#### [DATA FOR REVIEW]
+--

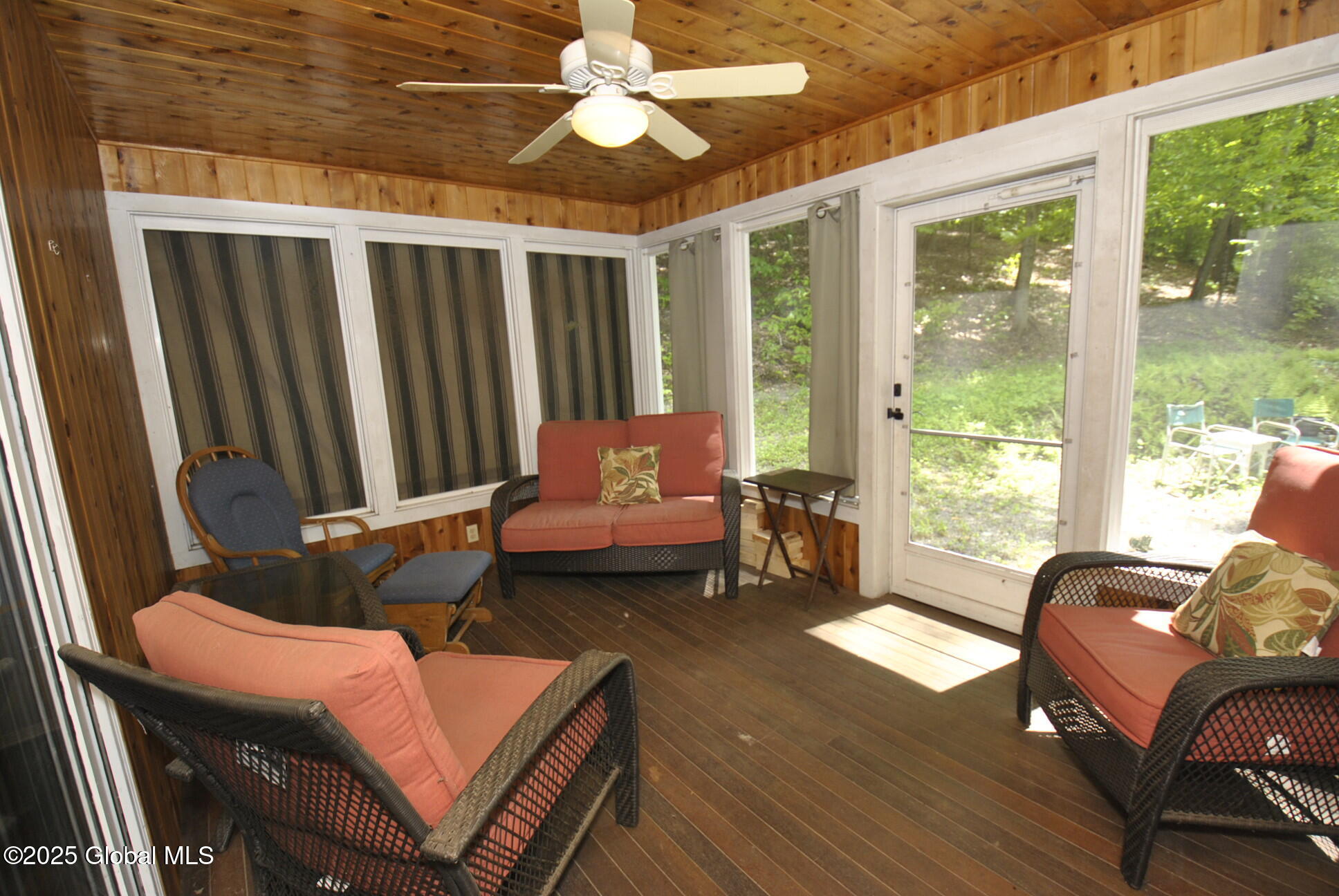 1380 S Shore Road, Hadley, New York image 27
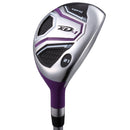 Aspire XD1 12-Piece Package Set - Ladies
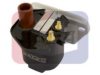 ANGLI 15097 Ignition Coil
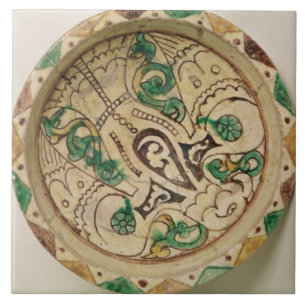 Bacia (produto de cerâmica)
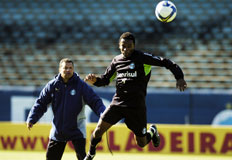  Jefferson Botega &nbsp;/&nbsp;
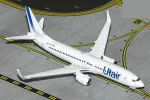 GeminiJets-GJ2120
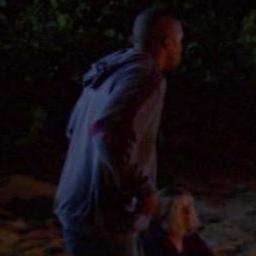 File:Tvs5x07ajirasurvivors5.JPG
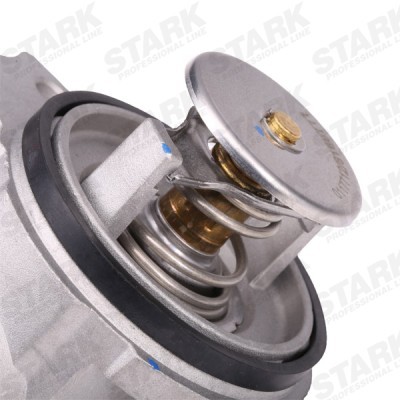 Termostat Stark SKTC-0560156 SKTC-0560156 - foto 6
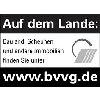 BVVG Bodenverwertungs- u. Verwaltungs GmbH in Berlin - Logo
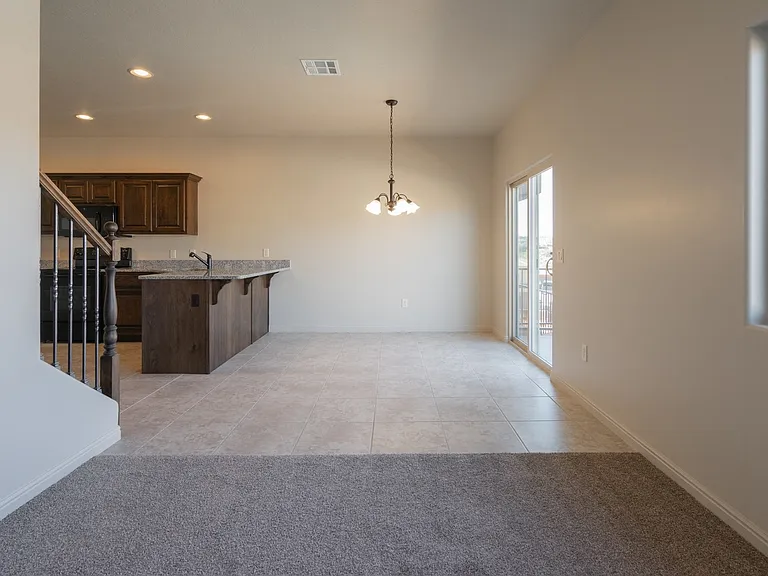 370 W Buena Vista Blvd #111 — Photo 21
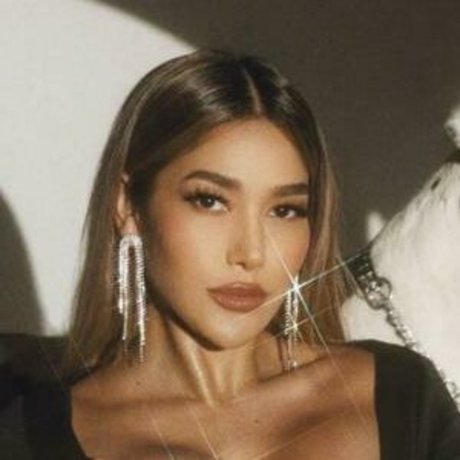 Farina kunst top bild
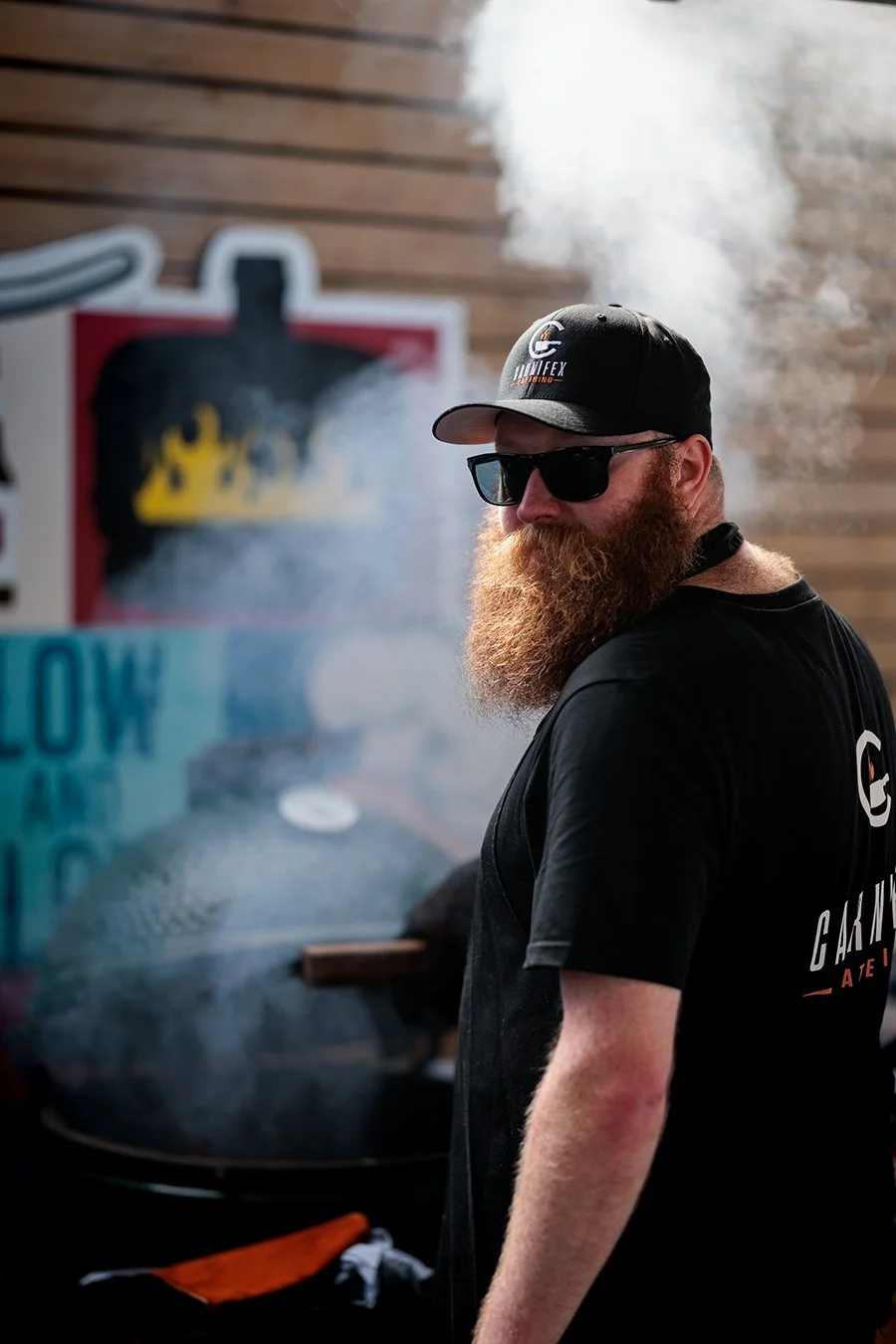 Sizzlefest2026_Saturday_Highlights_Socials-12.jpg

+--

#### [WORK ORDER]
A faithful copy of the records above is needed, with the pictures left out.

#### [RESULT]
 1380 S Shore Road, Hadley, New York image 27
 Aspire XD1 12-Piece Package Set - Ladies
 ANGLI 15097 Ignition Coil
 Bacia (produto de cerâmica)
  Jefferson Botega &nbsp;/&nbsp;
 GeminiJets-GJ2120
 File:Tvs5x07ajirasurvivors5.JPG
 Termostat Stark SKTC-0560156 SKTC-0560156 - foto 6
 BVVG Bodenverwertungs- u. Verwaltungs GmbH in Berlin - Logo
 370 W Buena Vista Blvd #111 — Photo 21
 Farina kunst top bild
 Sizzlefest2026_Saturday_Highlights_Socials-12.jpg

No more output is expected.